**INFORMATION SHOWN**
━━━━
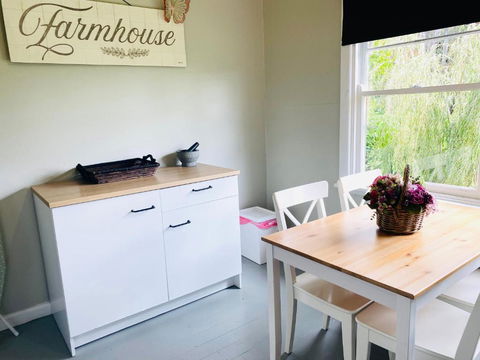 Bush Retreat Farm House - Schoolies Week Accommodation 5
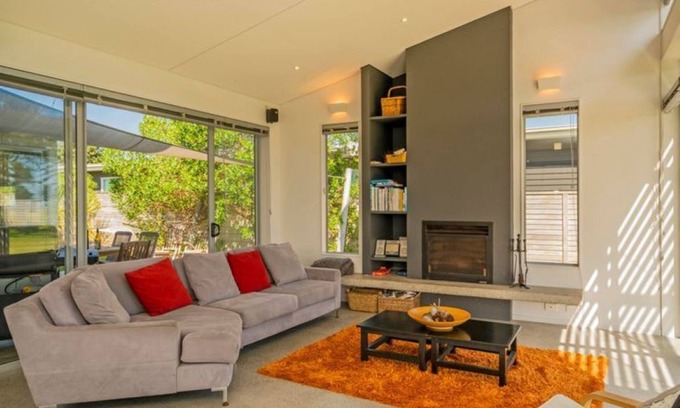 Matarangi Maison | Hosts on the Coast Taranui's Nest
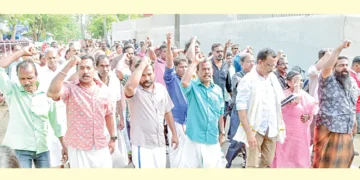 ഭൂസംരക്ഷണ വേദിയുടെ നിലപാടില്‍ പ്രതിഷേധിച്ച് മന്ത്രിമാര്‍ പങ്കെടുക്കുന്ന വേദിവിട്ടിറിങ്ങിയ ജനങ്ങള്‍ മുദ്രാവാക്യം വിളിച്ച് സമരപ്പന്തലിലേക്ക് നീങ്ങുന്നു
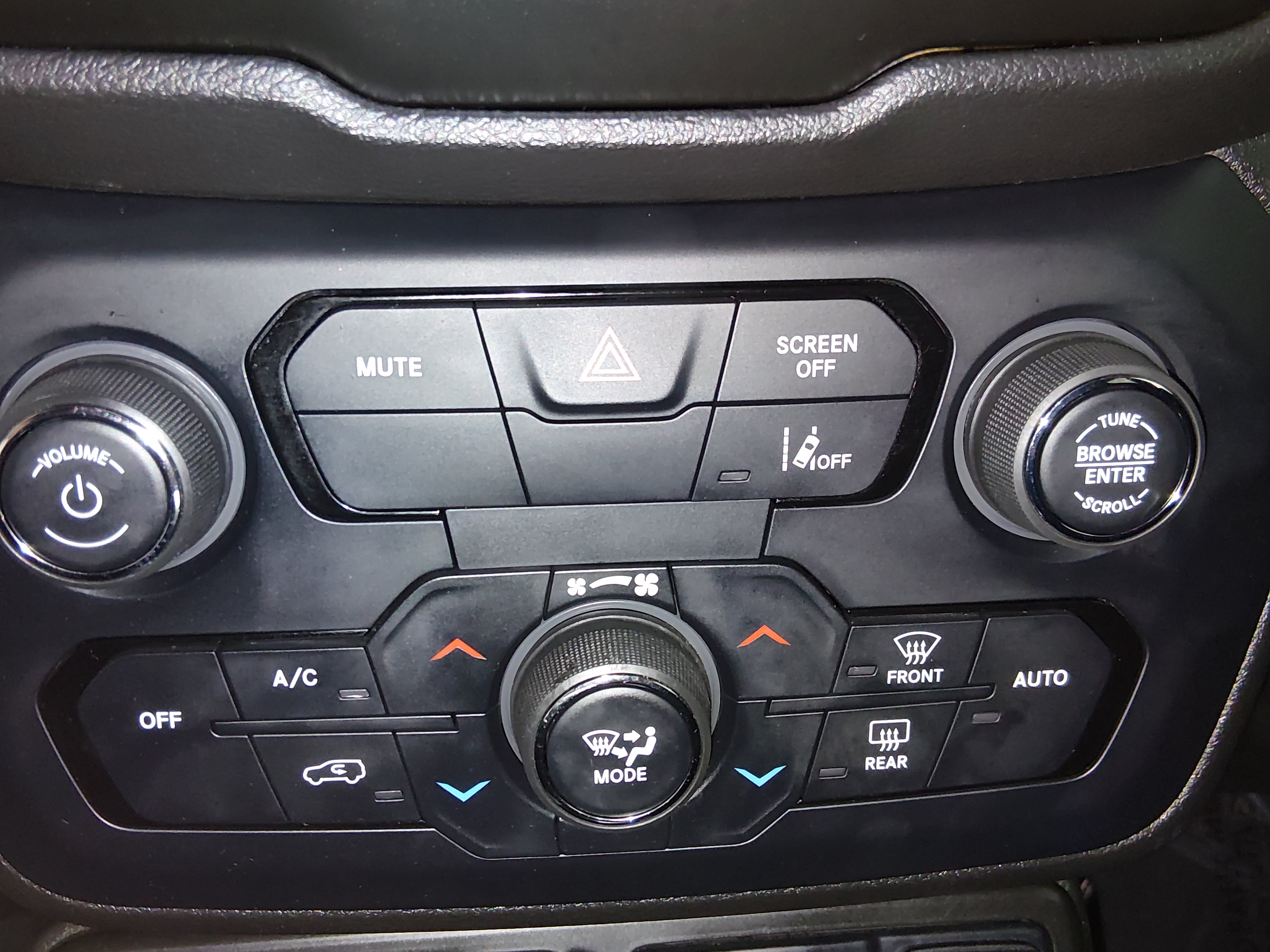 2023 Jeep Renegade Latitude - Photo 19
━━━━
**EXERCISE BRIEF**
Lines before the one containing "Matarangi Maison |" are not wanted; repeat that line and the rest of the listing exactly, leaving out pictures.

**REPLY**
 Matarangi Maison | Hosts on the Coast Taranui's Nest
 ഭൂസംരക്ഷണ വേദിയുടെ നിലപാടില്‍ പ്രതിഷേധിച്ച് മന്ത്രിമാര്‍ പങ്കെടുക്കുന്ന വേദിവിട്ടിറിങ്ങിയ ജനങ്ങള്‍ മുദ്രാവാക്യം വിളിച്ച് സമരപ്പന്തലിലേക്ക് നീങ്ങുന്നു
 2023 Jeep Renegade Latitude - Photo 19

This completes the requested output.